Österreich und Europa sollten jetzt rasch aufwachen, um die Industrie in Europa zu halten. Die notwendigen standortpolitischen Antworten auf veränderte globale Rahmenbedingungen müssen schnell und umfassend gegeben werden, um den weiteren Abstieg zu verhindern
- so der vermutlich wirkungslose Appell des IV OÖ-Präsidenten Pierer beim Industriempfang zwei Tage vor dieser Maturafeier.

Während der Elternvertreter sich bei Lehrern, Eltern und Schülern bedankte schweiften meine Gedanken weiter:

Wäre es einem Festredner auf einem britischen College 1824 oder 1924 in der Hochzeit von Imperialismus und Kolonialismus eingefallen, die Absolventen aufzufordern, keine Angst vor der Zukunft zu haben? (2)

Hat sich das 2024 in GB oder in den USA geändert?

Kaum, sagte ich mir. Ambitionierte Absolventen höherer Schulen und Colleges im Westen müssen sich vor der Zukunft noch nicht fürchten. Vielleicht werden sie zunehmend auch für chinesische, arabische oder indische Kapitalisten arbeiten statt primär für mehrheitlich angelsächsische oder europäisch geführte Konzerne. Bis ihre Kompetenzen an Marktwert einbüßen, weil es genug chinesische, arabische, indische Techniker und Manager gibt, hat sich die Welt wohl mehrmals gedreht. Wer weiß wohin.

"Make Europe great again"

variiert Victor Orban Trumps Slogan zum Motto für Ungarns halbjährigen Ratsvorsitz, der am 1. Juli beginnt. POLITICO macht sich über diesen und andere EU-Slogans lustig.

Trumps und Orbans Aufrufe setzen voraus: die USA und Europa waren einst "great", sind es aber nicht mehr.

Das ist nicht zu bestreiten:

Die Brics-Länder produzieren heute 35,2 Prozent der Weltproduktion, während die G-7-Länder nur noch 29,3 Prozent herstellen. Seit 2022 sind die fünf größten Volkswirtschaften in absteigender Reihenfolge China, die USA, Indien, Russland und Japan. Chinas BIP (Brutto-Inland-Produkt) ist um etwa 25 Prozent größer als das der USA. Pro Person beträgt es etwa 30 Prozent des BIP der USA, aber bei einer 4,2-mal so großen Bevölkerung. Heute sind drei der fünf wirtschaftlich größten Länder Mitglied in der BRICS, während nur zwei davon Mitglied der G7 sind. Im Vergleich zu 1994 haben sich auch hier die Verhältnisse geändert. Denn vor 30 Jahren waren die USA, Japan, China, Deutschland und Indien die fünf wirtschaftlich größten Staaten, von denen noch drei zu G7 und nur zwei zu Brics gehörten (3) schreibt Jeffrey D. Sachs.
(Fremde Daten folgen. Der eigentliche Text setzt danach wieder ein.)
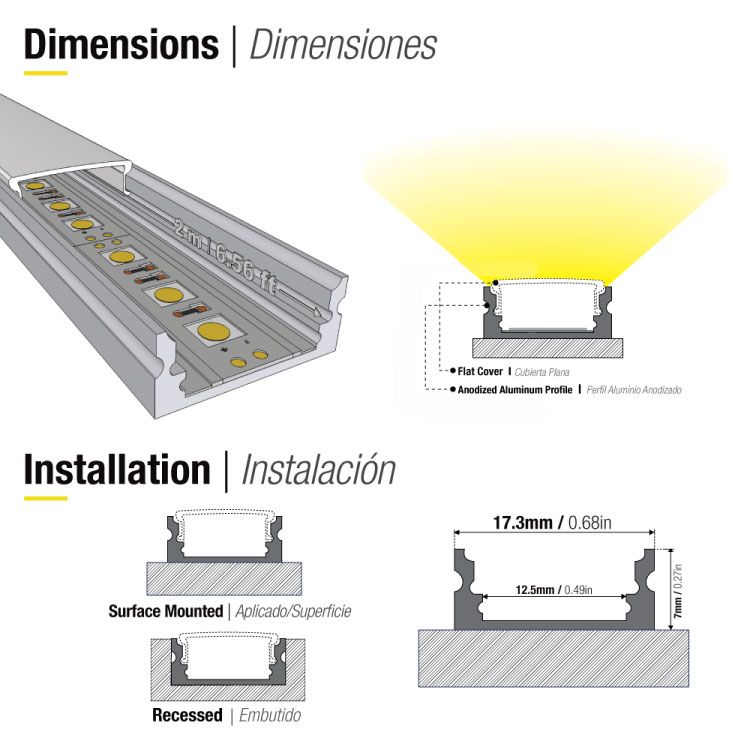 Surface-Mount Flat anodized LED Aluminum Channel, 9.84ft 0.66x0.26in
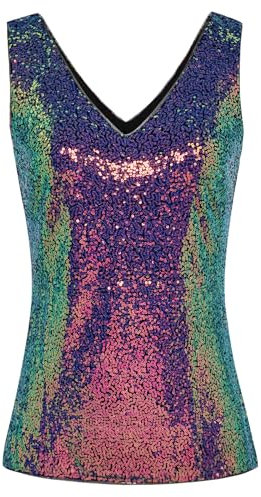Femme Débardeur Gilet a Paillettes sans Manche Slim Brillante Sequins Club Danse Bal Soiree Veste Violet Coloré à Sequins M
Die Ambition des "Westens", wieder "great" zu werden - ist das realistisch oder illusionär? Was verstehen die Verantwortungsträger darunter und was tun sie dafür?

Geht diese Ambition etwa einher mit dem ernsthaften Bemühen, Länder des europäischen Kulturkreises in friedlicher Kooperation zu vereinen, dh USA, EU, Russland und Länder Südamerikas? Könnte "Europa" so ökonomisch, politisch, kulturell Gewicht gewinnen gegenüber China, Indien, Arabien, Afrika?

Egal. Das findet nicht statt. Die Ambition der USA wieder "great" zu werden nimmt sowohl in der Interpretation Trumps ("America first") als auch in der Interpretation der Biden-Administration ("America is back") weder auf die EU, geschweige auf Russland oder auf Interessen südamerikanischer Länder Rücksicht. Trumps Interpretation hätte der EU allerdings Gelegenheit gegeben, sich zu emanzipieren: er hat sich für Europa nur unter dem unmittelbaren nationalen Interesse der USA interessiert, nicht unter dem Interesse der Weltherrschaft, wie Bidens Globalisten-Truppe. Das hat die Vasallen-Entourage in Europa in Panik versetzt: sie haben Biden begeistert begrüßt wie den Messias.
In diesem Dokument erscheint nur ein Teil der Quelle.